Nauris Miezis, Spieler Lettland: „Wir haben den Job erledigt, ich bin jetzt wirklich erschöpft. Ich muss mich bei dem ganzen Team und dem Coach bedanken. Olympia war ein Traum, der jetzt wahr wird.“
MVP-Awards
Die Auszeichnung zur wertvollsten Spielerin des Turniers ging an die 22-jährige Japanerin Stephanie Mawuli. Die vielseitige Flügelspielerin, die auch unter dem Korb eingesetzt werden kann, erzielte im Schnitt knapp sieben Punkte und vier Rebounds. Das „Team des Turniers“ wird komplementiert von WNBA-Star Kelsey Plum aus den USA und der Französin Migna Touré.
Bei den Männer wurde Nauris Miezis zum MVP gewählt, der von der FIBA aktuell auch als bester 3×3-Spieler der Welt gelistet wird. Er brachte es auf durchschnittlich fünf Zähler und vier Rebounds. Neben dem Letten wurden der holländische Scharfschütze Arvin Slagter und der Pole Michael Hicks in die Top drei gewählt.

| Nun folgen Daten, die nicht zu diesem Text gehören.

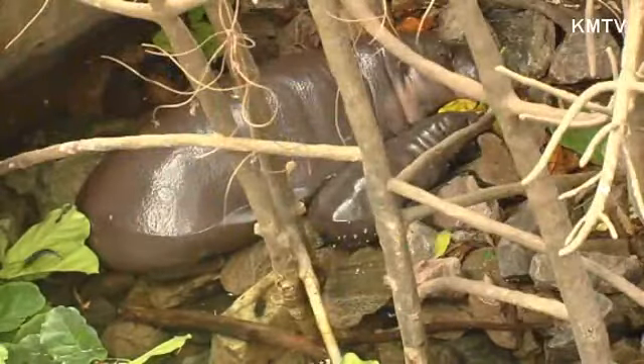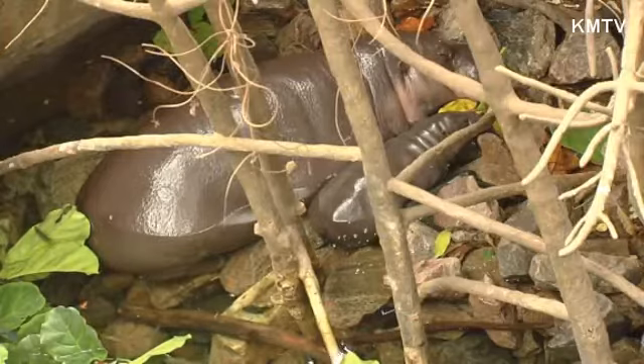That's still about one-eighth the size of the common hippopotamus. Mabel will spend her time between swims, head bobs, and resting on the rocks with her mother, Chromal, for the next year or so.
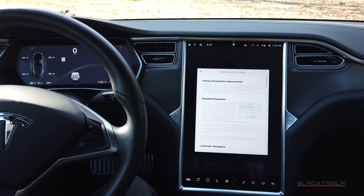2019.36.1 is a big update because this is the first update that Tesla has released that includes Full Self-Driving slash Hardware 3 only features — the first features specifically for the Full Self-Driving computer, also known as Hardware 3.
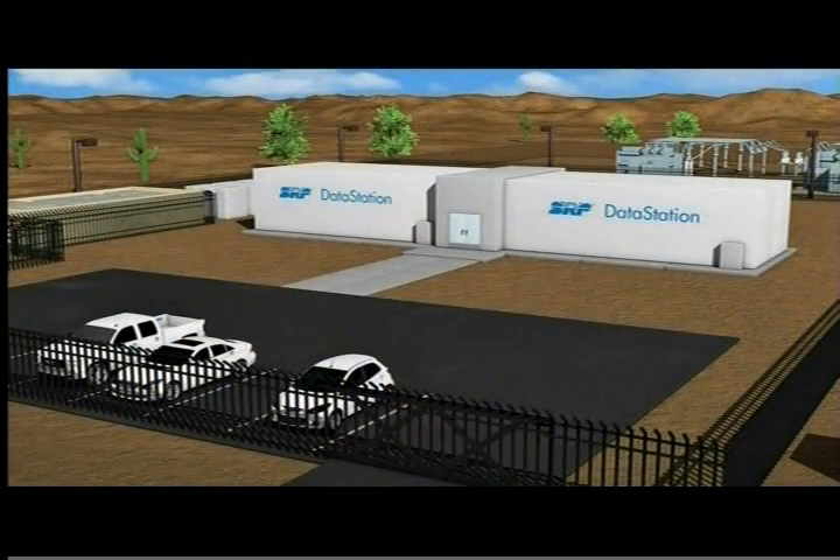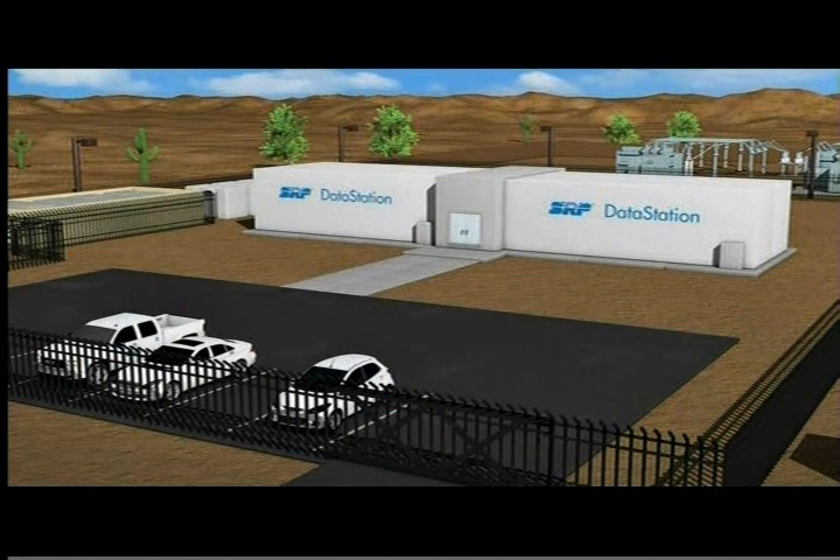Baselayer created mobile containerized data centers. What that allows us to do is take the data center where the power load is and move it to the key arteries on our transmission grid where the power is available, reliable, and of good power quality. So these are modular data centers that Baselayer has developed, and SRP has found a way to work with Baselayer to move them where the grid is.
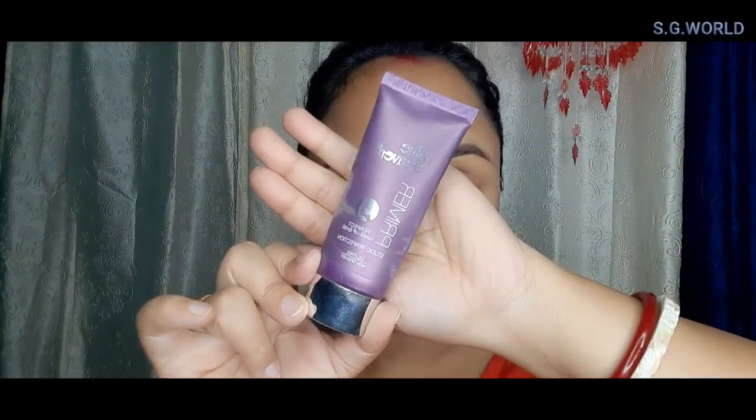For moisturizer I am going to use Lotus sunscreen — this is for kids. For primer I am going to use Blue Heaven primer. For color correcting I am going to use NY Bae red color stick, which is a very good stick. Then gently set down all the concealer with some loose powder from Lakmé.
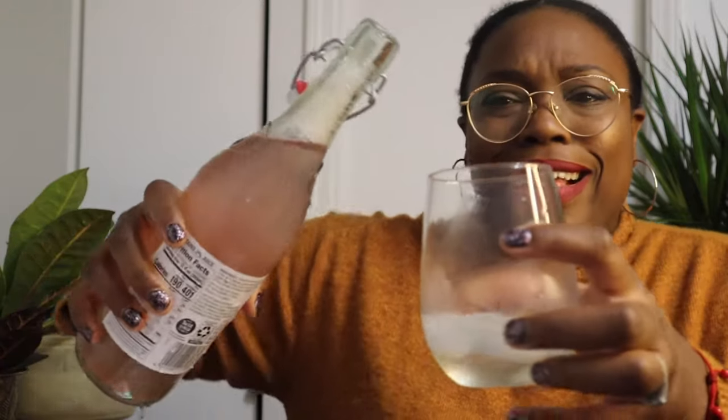I also bought this from Aldi — it's a sparkling pink lemonade. I bought it because the bottle was cute, and I'm wondering if this would be good in there as well. Oh... I spilled it. This isn't going good. Okay. It's not delicious with this pink lemonade — so don't put those together, they're not good.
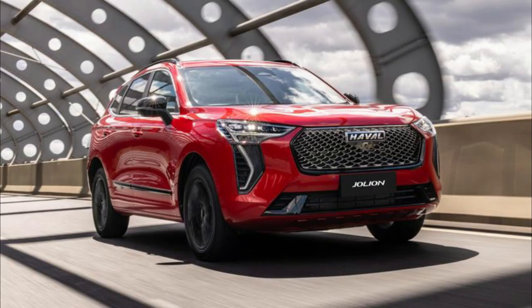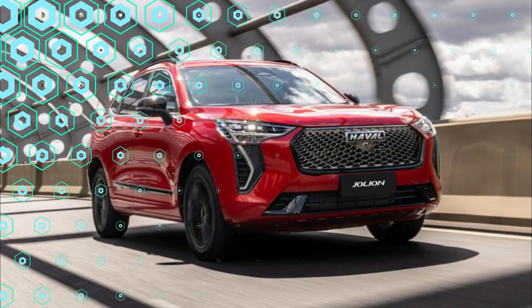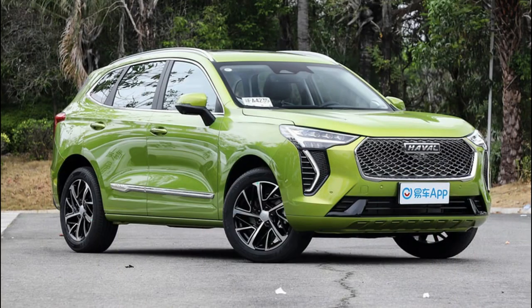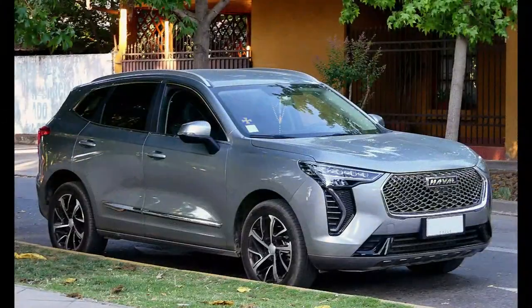That's despite GWM offering it exclusively in one fully loaded trim. Does it make sense to stick with a base model SUV from the established hybrid leader, or take a chance on a vehicle from a younger Chinese brand that's loaded with all the fruit?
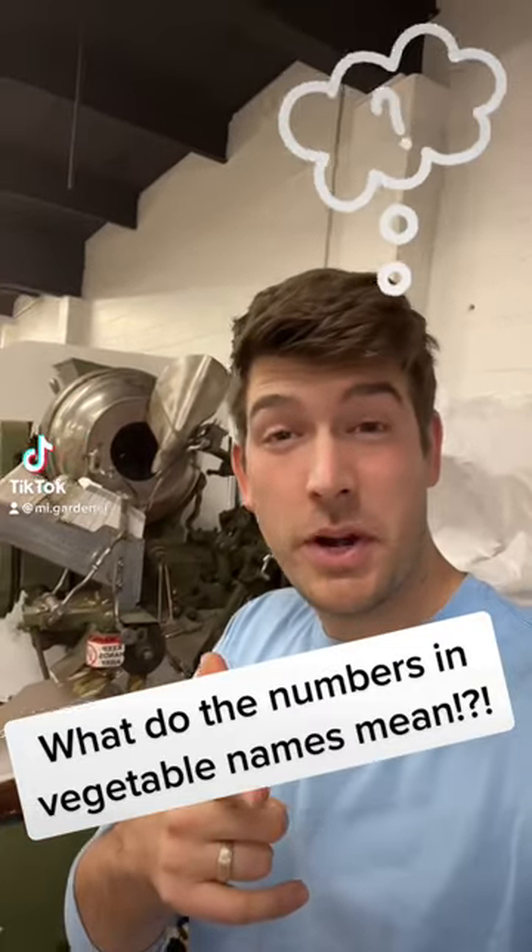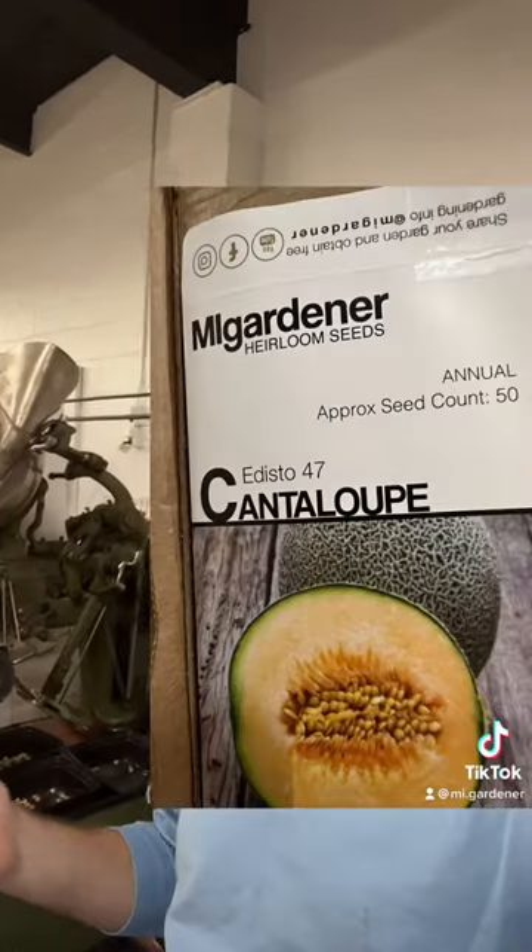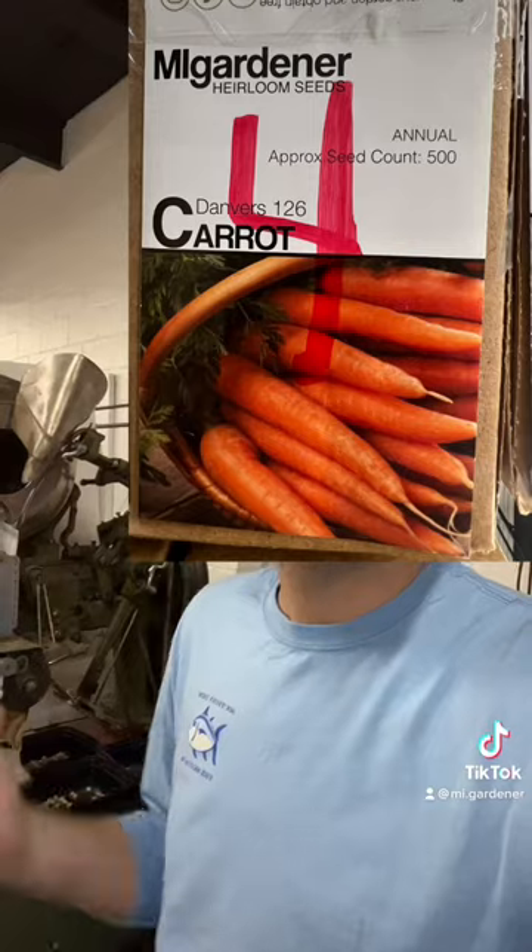Just packing up seeds for 2023 and I ran into something I wanted to talk about, which is a common question that gets asked: what are the numbers that correspond to some vegetable names? For instance, Walham 29 broccoli, or Blue Lake 274 bean, or Poinsett 76 cucumber. What do those numbers actually mean?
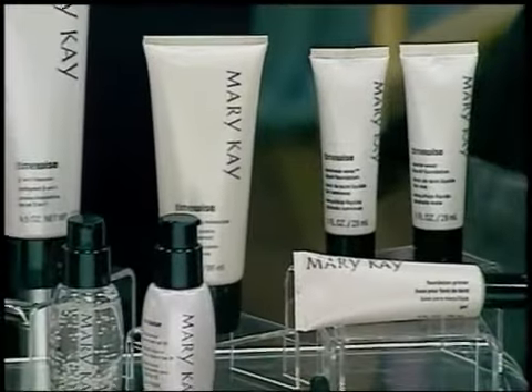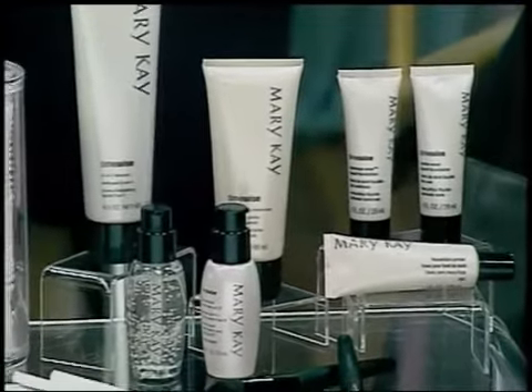Now here at Mary Kay, we have two great new products: our foundation primer, and our Timewise foundation in luminous and matte wear. And I have two beautiful models to show you what that looks like.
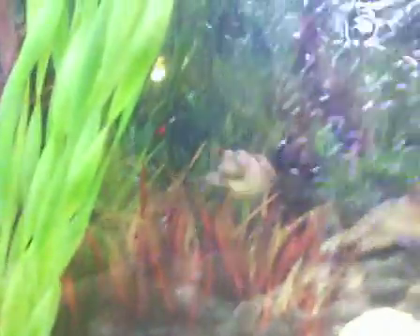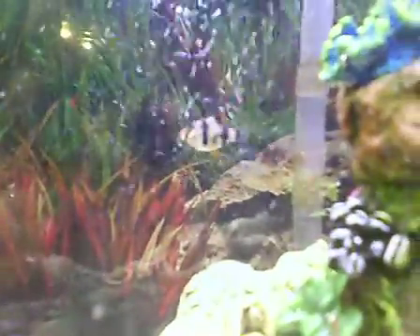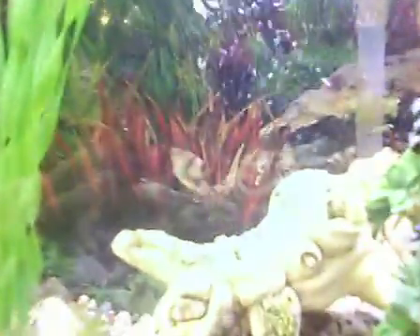Watch that tiger barb. Look at him go — he's a pro. Oh, there you go. He's munching away. I don't know where the other ones are right now. Look at him go, he's like a speedy guy. I should have named him Speedy, but he's Carl.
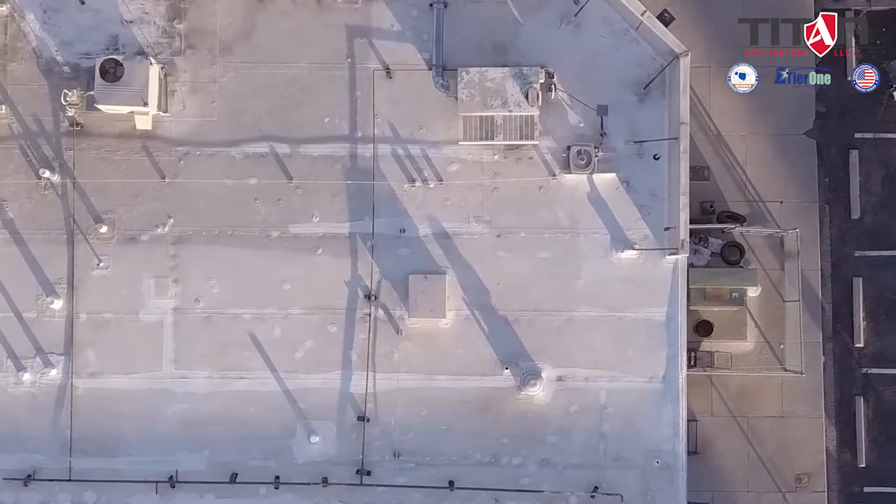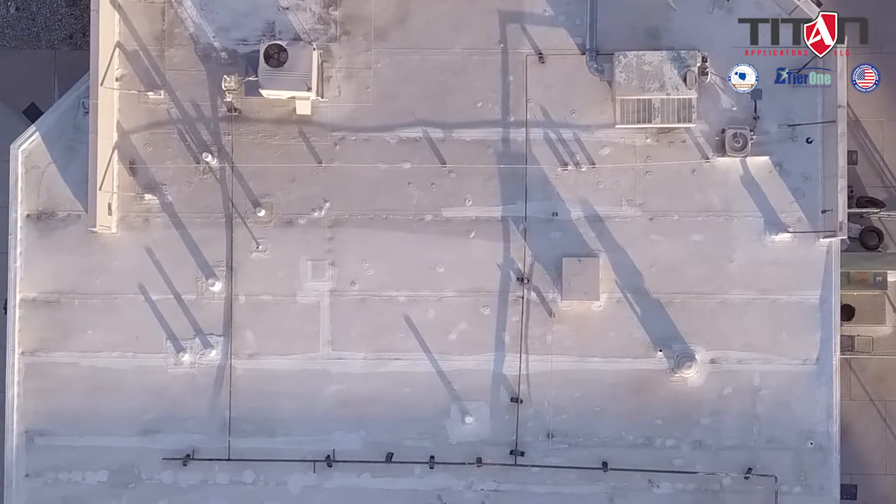Never coat a turd. That's a saying that we live by here at Titan Applicators when we're qualifying roofs for whether or not they are a roof coating restoration candidate.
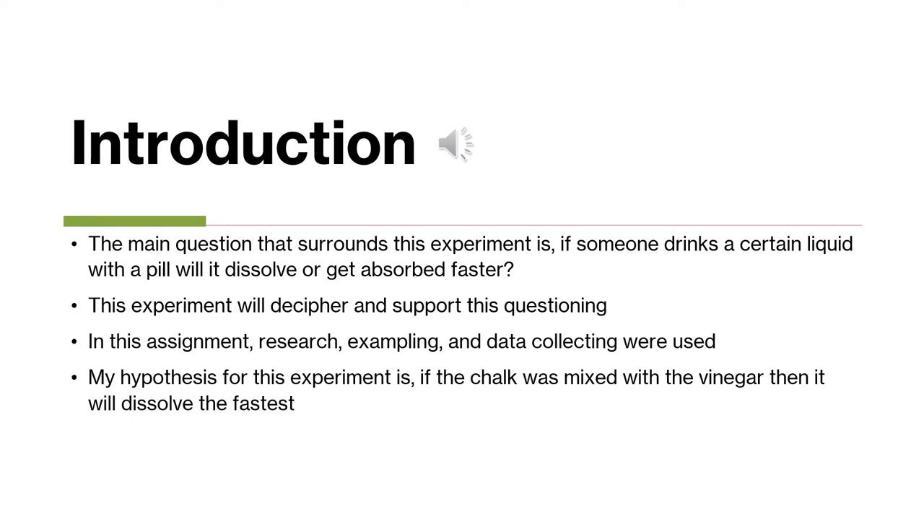So for my question for this experiment and my science fair project, it was: if someone drinks a certain liquid with a pill, will it dissolve or get absorbed faster? In my experiment, I used research, sampling, and data collecting to support my conclusion. My hypothesis was that if the chalk was mixed with vinegar, then it would dissolve the fastest.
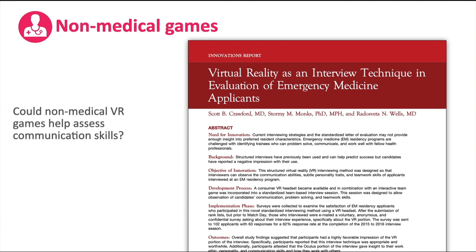Here is a great paper put together by Crawford, Monks, and Wells that talks about virtual reality as an interview technique in the evaluation of emergency medicine applicants. In this environment they used a game called 'Keep Talking and Nobody Explodes,' which is a two-person game that really focuses on good closed-loop communication.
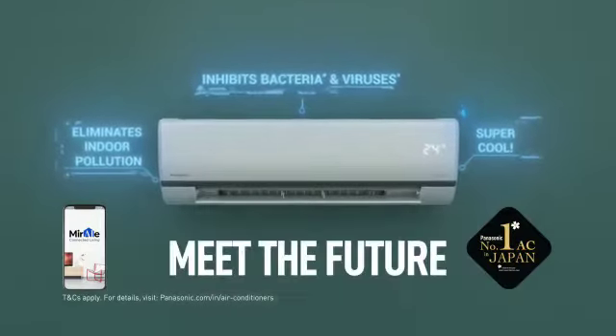What? Panasonic Smart AC with NanoE technology. AC for healthier homes. Panasonic.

Letztes Olympia-Ticket wird in Ungarn vergeben
Für je sechs Frauen- und sechs Männerteams gibt es noch die Chance jeweils ein allerletztes Olympia-Ticket für Tokio zu ergattern. Von 4. bis 6. Juni wird im ungarischen Debrecen das FIBA 3×3 Universality Olympic Qualifying Tournament 2021 abgehalten. Mit dabei sind bei den Damen Ungarn, Iran, die Niederlande, Italien und Taiwan. Ein sechstes Team wird von der Warteliste aufrücken. Bei den Herren matchen sich Ungarn, die Mongolei, Slowenien, Belgien, die Ukraine und Rumänien.